Per Tarek Saied, il magistrato di Sousse che si occupa dell’inchiesta, sono tutti accusati di aver favorito l’arrivo di 7.900 tonnellate di rifiuti non riciclabili sul suolo tunisino. Ma la stampa tunisina pubblica indiscrezioni sul coinvolgimento di rappresentanti del corpo diplomatico italiano. Mentre il proprietario della società tunisina che avrebbe dovuto riciclare i rifiuti, Mohamed Moncef Noureddine, diventa irreperibile una decina di giorni prima del mandato d’arresto e, pare, abbia trovato rifugio in Germania.
In Italia, invece, due Procure, quelle di Salerno e di Potenza, mentre cercano di ricostruire l’intrigo, sbattono contro pesanti criticità diplomatiche e di politica giudiziaria internazionale. Le istituzioni tunisine non collaborano. Il primo «niet» è arrivato durante una videoconferenza del 15 dicembre 2021. «Le autorità giudiziarie tunisine» ha spiegato il capo della Procura di Salerno Giuseppe Borrelli «non hanno ritenuto di fornire informazioni dettagliate sui soggetti coinvolti nelle loro indagini, riservandosi di trasmettere copia degli atti».

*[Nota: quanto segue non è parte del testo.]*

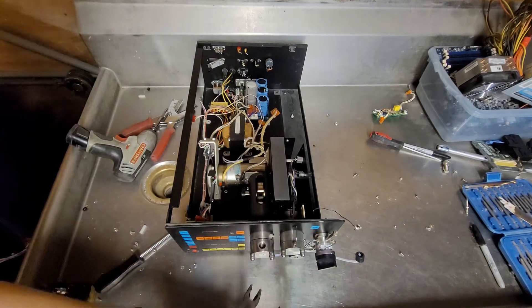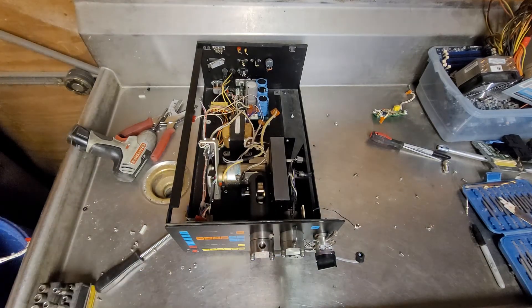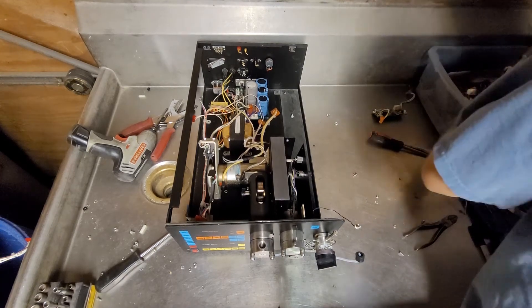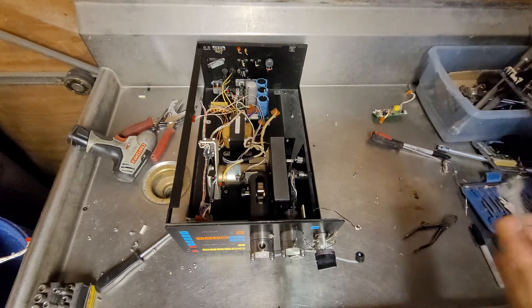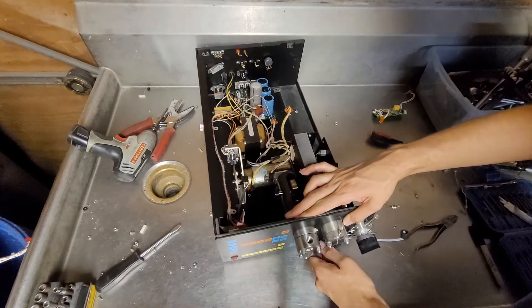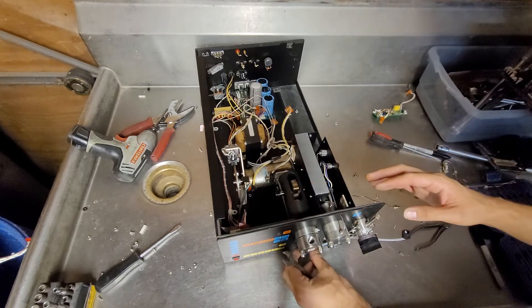I might need a wrench for that. Let's see if I have something here. Oh look at that, it fits. A little pressure release there.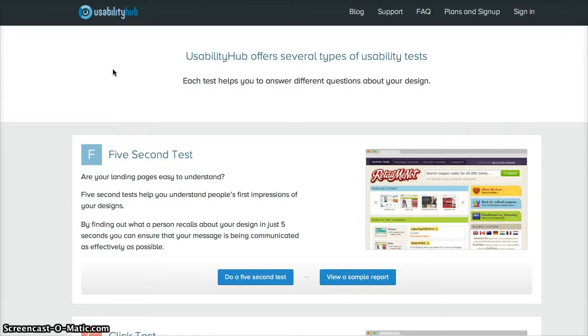Check them out at UsabilityHub.com — I'll put the URL in the description box below. It's a great site, very helpful for web designers, graphic designers, UI/UX designers. Really cool community. This is Zeke Caramel signing out.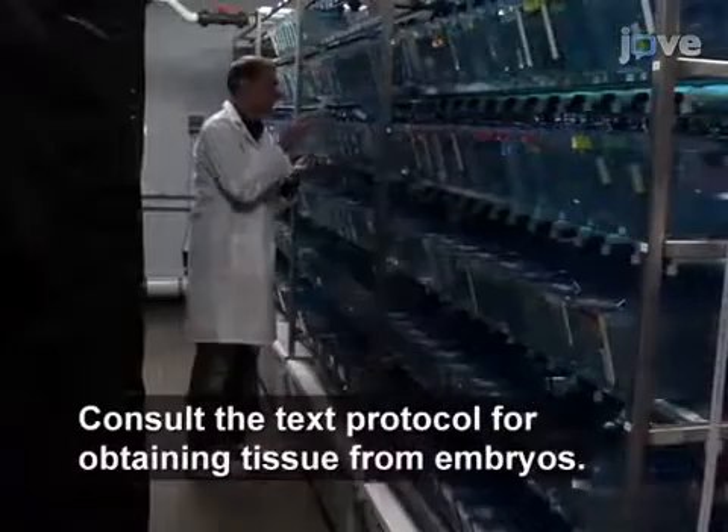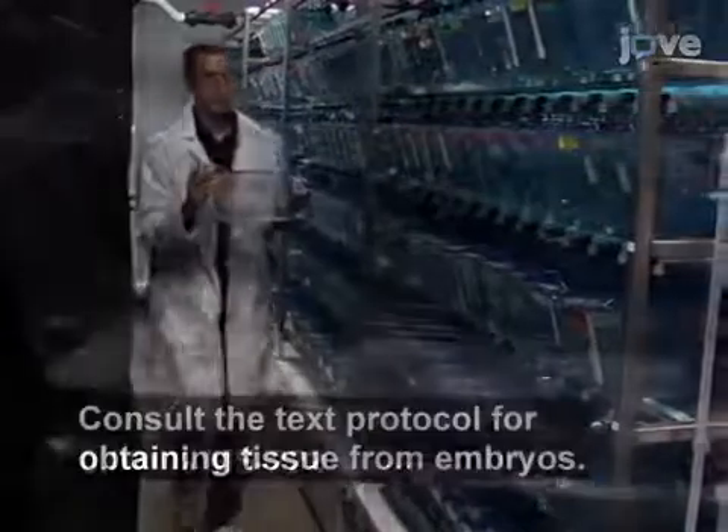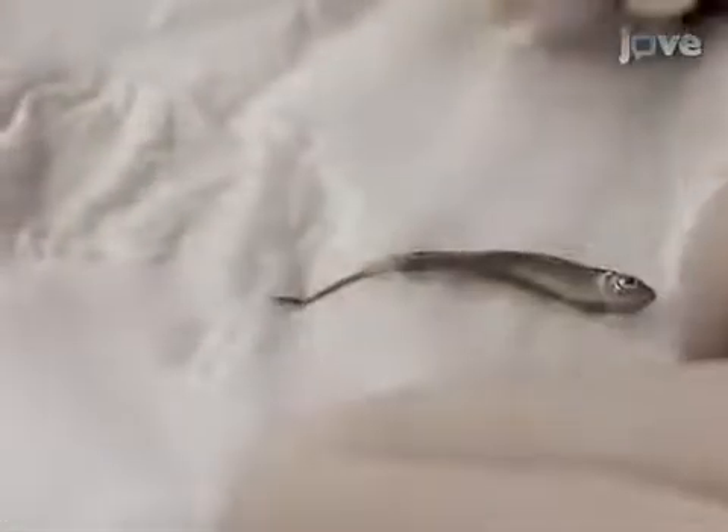Tissue can be collected from an adult fish using a fin clip or from an embryonic fish. First, anesthetize the fish in tricaine solution and wait until the gill movements slow. Then put the fish on a stack of tissues and, with a sterile razor blade, cut off a small piece of the tail fin, about 2-3 millimeters long.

A parti invertite, però, la Tunisia ha preteso il rientro dei rifiuti in Italia. È ancora Borrelli a spiegare che «la Regione Campania ha preso contatti con la Tunisia, dopo pressioni da parte della Tunisia, per la restituzione dei container». E siccome nel delicato momento dell’inchiesta era importante analizzare quei rifiuti prima che arrivassero in Italia, i magistrati avevano chiesto a Tunisi di poter partecipare almeno alle operazioni di caratterizzazione del materiale con un loro consulente. «Anche su questo i tunisini si sono riservati di fornirci una risposta» prosegue il capo della procura.

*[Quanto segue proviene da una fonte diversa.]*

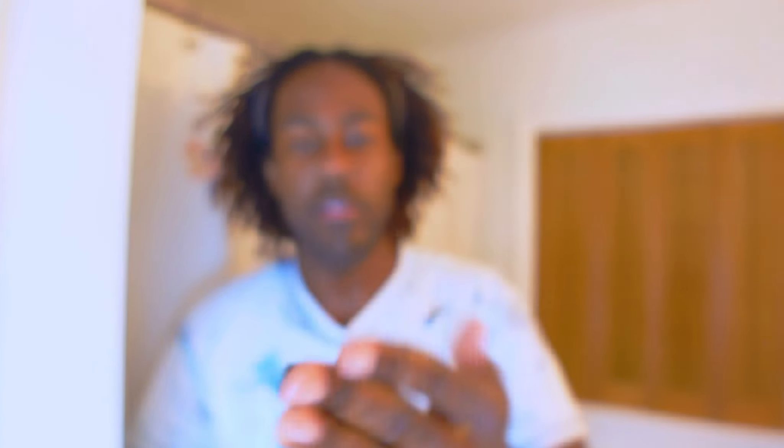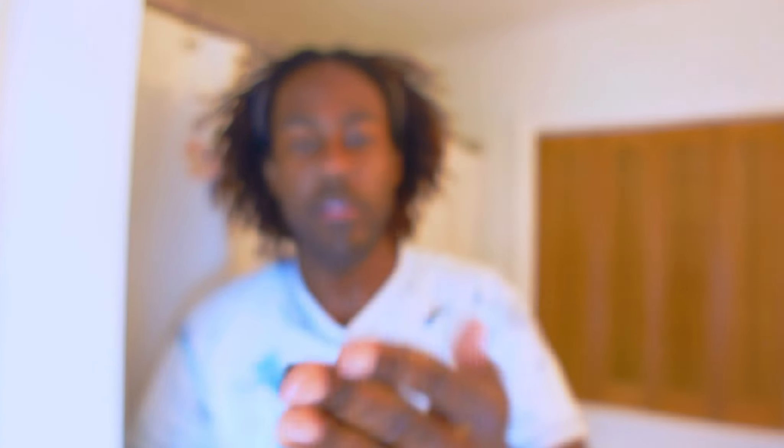So the first thing that I want to do is go ahead and use my face wash. This is the Freeman Feeling Beautiful Polishing Charcoal and Black Sugar Gel Mask and Scrub. All the links for everything I use will be in the description box down below. Pretty much everything I get is off of Amazon. What I love about this is just the simple fact that it exfoliates and I feel like it's actually doing something.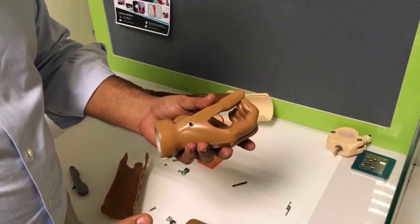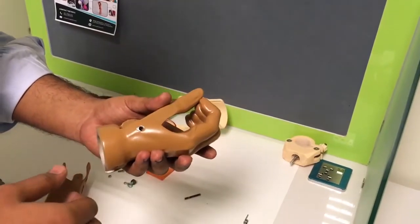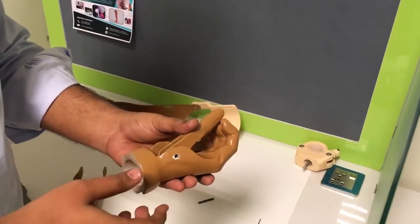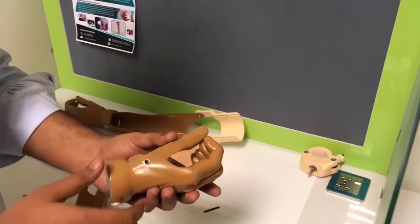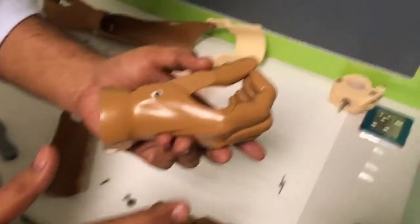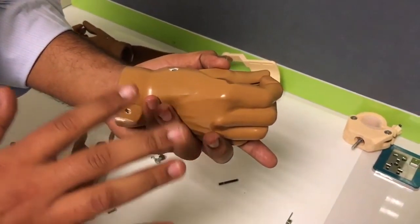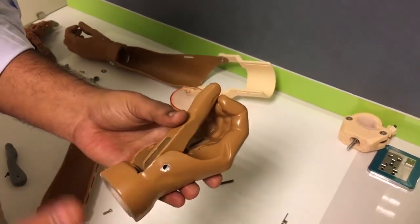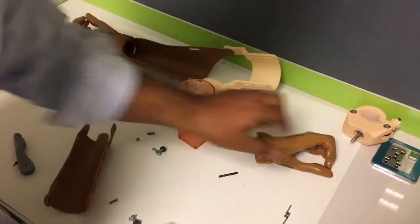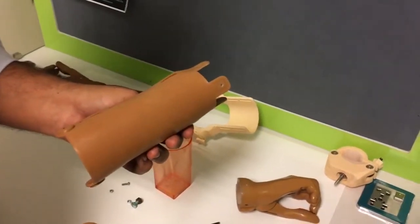Coming towards the material used for printing: the palm and thumb are printed in ABS. It can also be printed in PETG, which is not recommended, but PLA is strictly not recommended because in high temperatures it wears off a lot and breaks. ABS is recommended, and it also gives a good finish when painted. It is painted in deco paint — the way cars are usually painted — because it gives a good texture, as you can see, and aesthetically it looks good.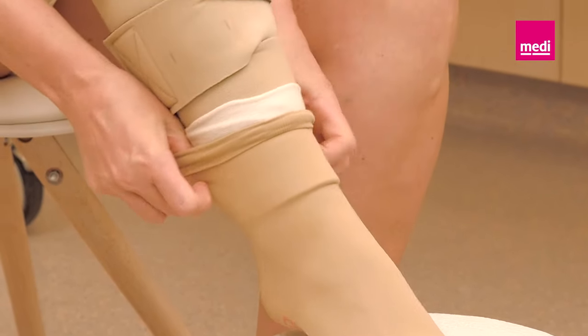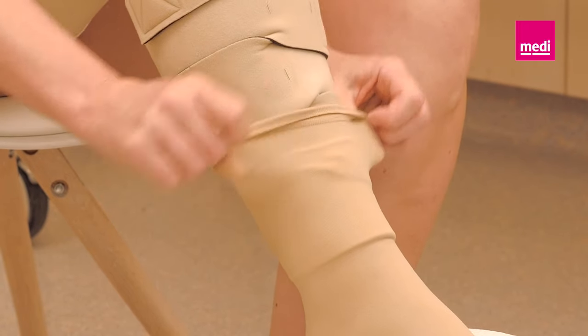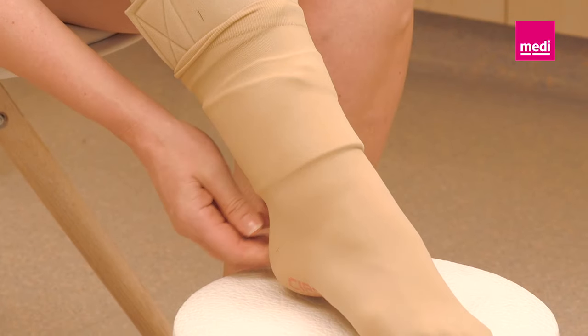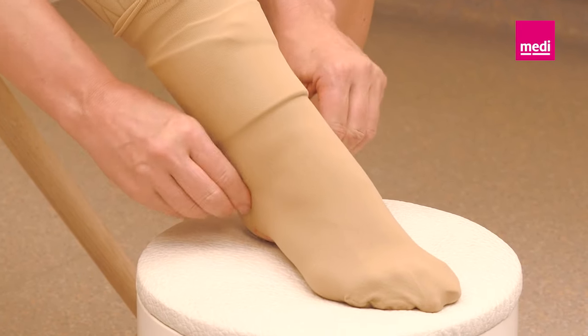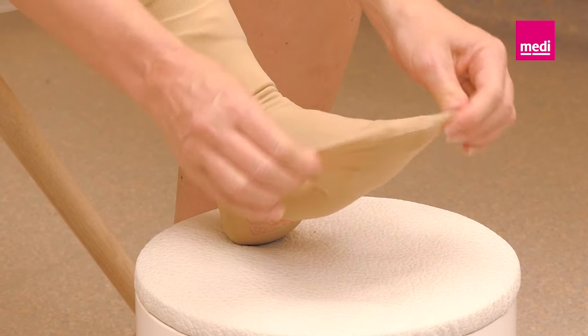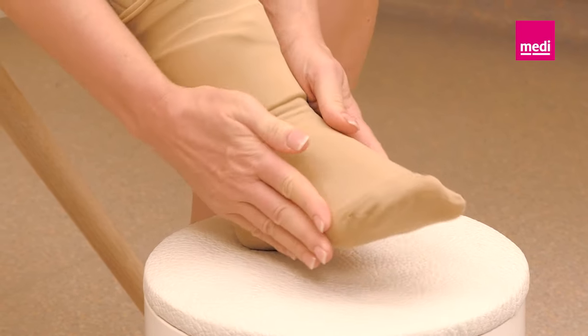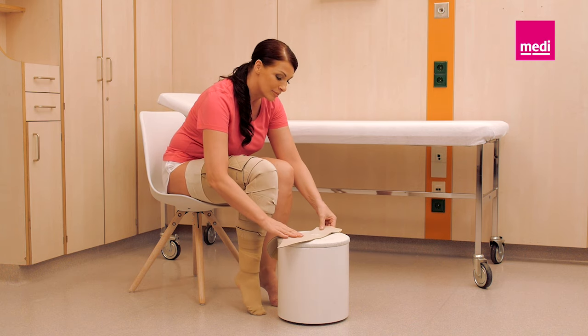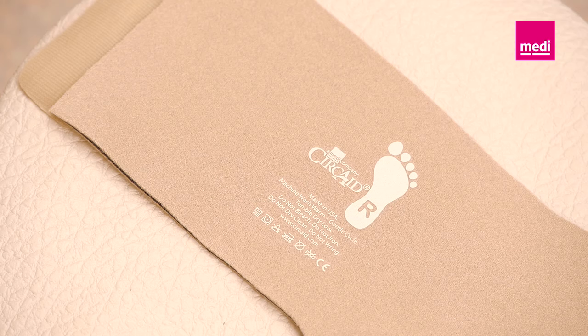Ensure it overlaps with the lower leg component and that there are no wrinkles in the anklet. To apply the foot part, detach the two hook tabs and lay the foot wrap out flat.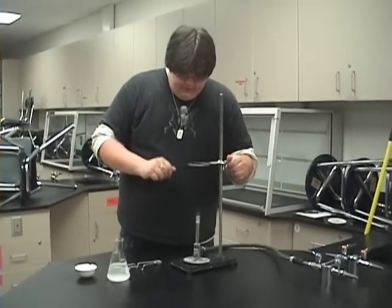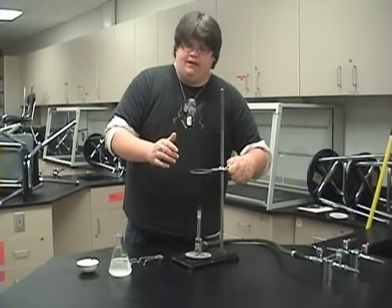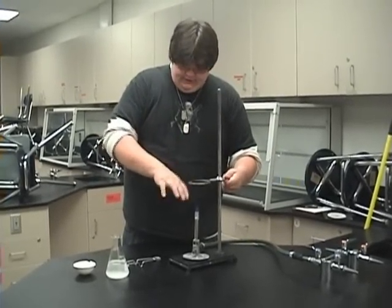You take this and bring it down so it is on the tip of the flame — not any part of the flame, the tip of the flame. Not the inner blue flame.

Risposta che, però, non è mai arrivata. Al contrario dei rifiuti, che dopo mesi di pressing da Tunisi sono tornati nel porto di partenza, quello di Salerno, e creano non poca preoccupazione nei cittadini dei comuni che se li ritroveranno in discarica. Non solo: i conti non sembrano tornare. Il carico, che doveva contare 212 cassoni, ora ne ha uno in più. Un pasticcio che ha preoccupato i legali della società salernitana, gli avvocati Giorgio e Francesco Avagliano, che denunciano: «Di container ne sono tornati 213, senza che nessuno dall’Italia abbia mai potuto assistere ai controlli e alla rottura dei sigilli».

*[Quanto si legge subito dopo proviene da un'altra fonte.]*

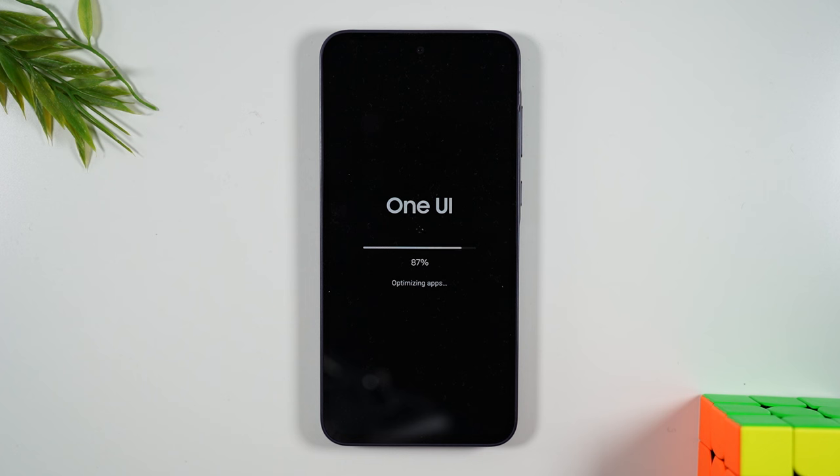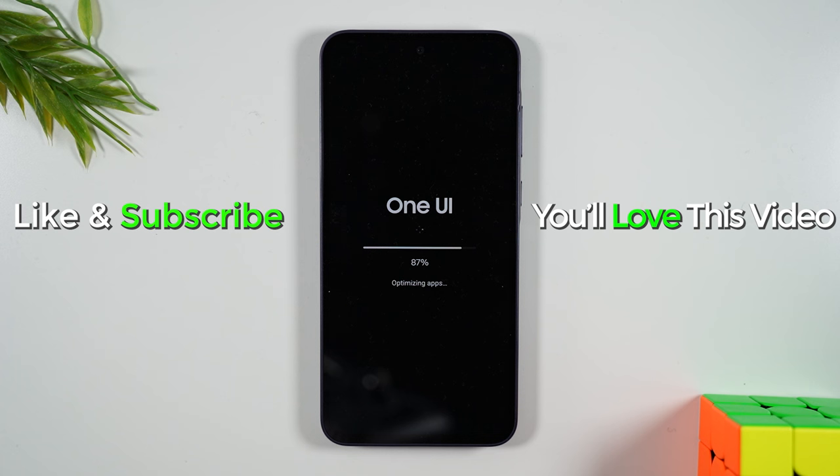So if you guys found this helpful, hit that like button down below. And if you're not already a subscriber, hit that subscribe button and stay tuned for more videos. Take care and as always, have a good one.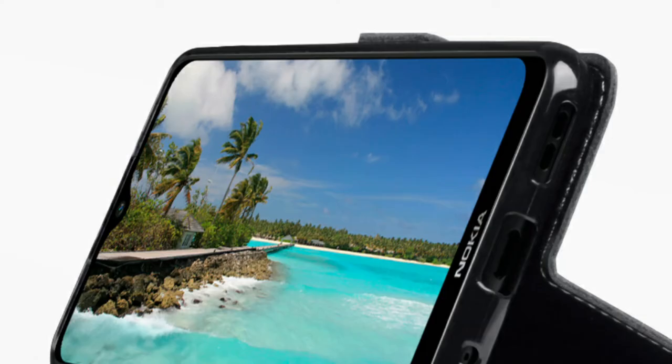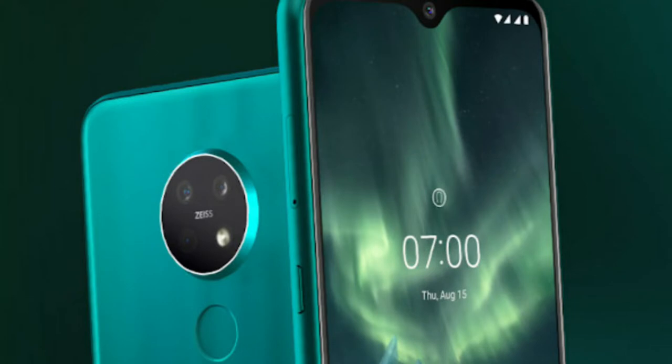Friends, there is a 6.3-inch Full HD+ IPS LCD panel. In Nokia there is an A49R display. The body ratio compared is 84%, making it the best display. There is a bezel-less display with a water drop notch. There is a 20MP selfie camera with face unlock.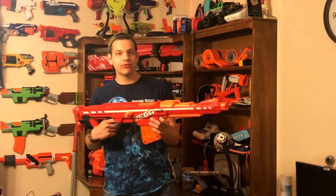That's why I wouldn't really recommend this for competitive play. But if you're just having fun, shooting around your house, just fooling around, it's perfect for that. Plus it looks pretty intimidating — when you have this pointed at someone, they're going to back off.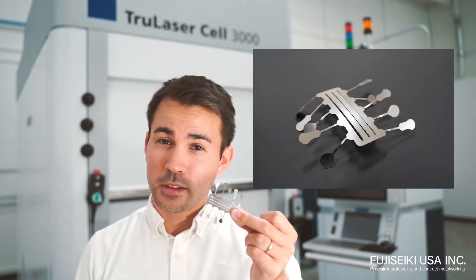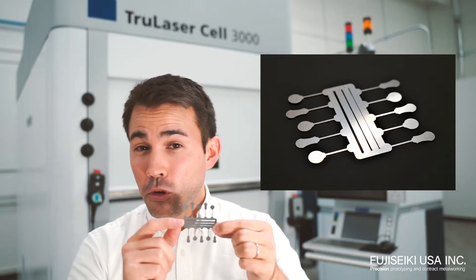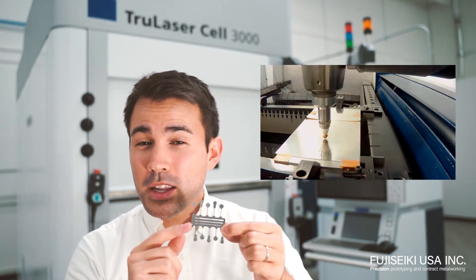Here's your super thin material cut in the traditional way. Now, here's your super thin material cut in the Fujiseki way. These slots are .04 inches, .02, and .01 inches thick.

Intanto la società turca incaricata del trasporto e del noleggio dei container, stando a una ricostruzione di Irpimedia, avrebbe inviato una richiesta di risarcimento da 10 milioni di euro alla Regione Campania e al ministero dell’Ambiente per la permanenza dei container al porto di Sousse. «Spese che non intendiamo pagare» ha dichiarato il vicepresidente della Regione Campania Fulvio Bonavitacola. Più di qualcosa nella macchina della diplomazia come in quella giudiziaria si è inceppata, a discapito delle istituzioni italiane. Nonostante esista un trattato di cooperazione giudiziaria tra i due Paesi. «Io credo che la Tunisia abbia semplicemente l’interesse a liberarsi dei rifiuti, non credo sia sensibile allo svolgimento di indagini nei confronti della società italiana» ha affermato candidamente Borrelli.
E così è stato. Il carico è stato rispedito in Italia, ma senza informazioni utili a ricostruire l’ipotizzato traffico illegale. Lo stesso sembra essere accaduto con la Procura di Potenza, dove si è definitivamente radicata la competenza territoriale e a occuparsi del fascicolo è un magistrato con esperienza nel traffico di rifiuti, il pm Vincenzo Montemurro, che, proprio come il collega di Salerno, per mesi ha aspettato gli esiti di una rogatoria internazionale. Puntualmente disattesa dalle autorità della mezzaluna rossa.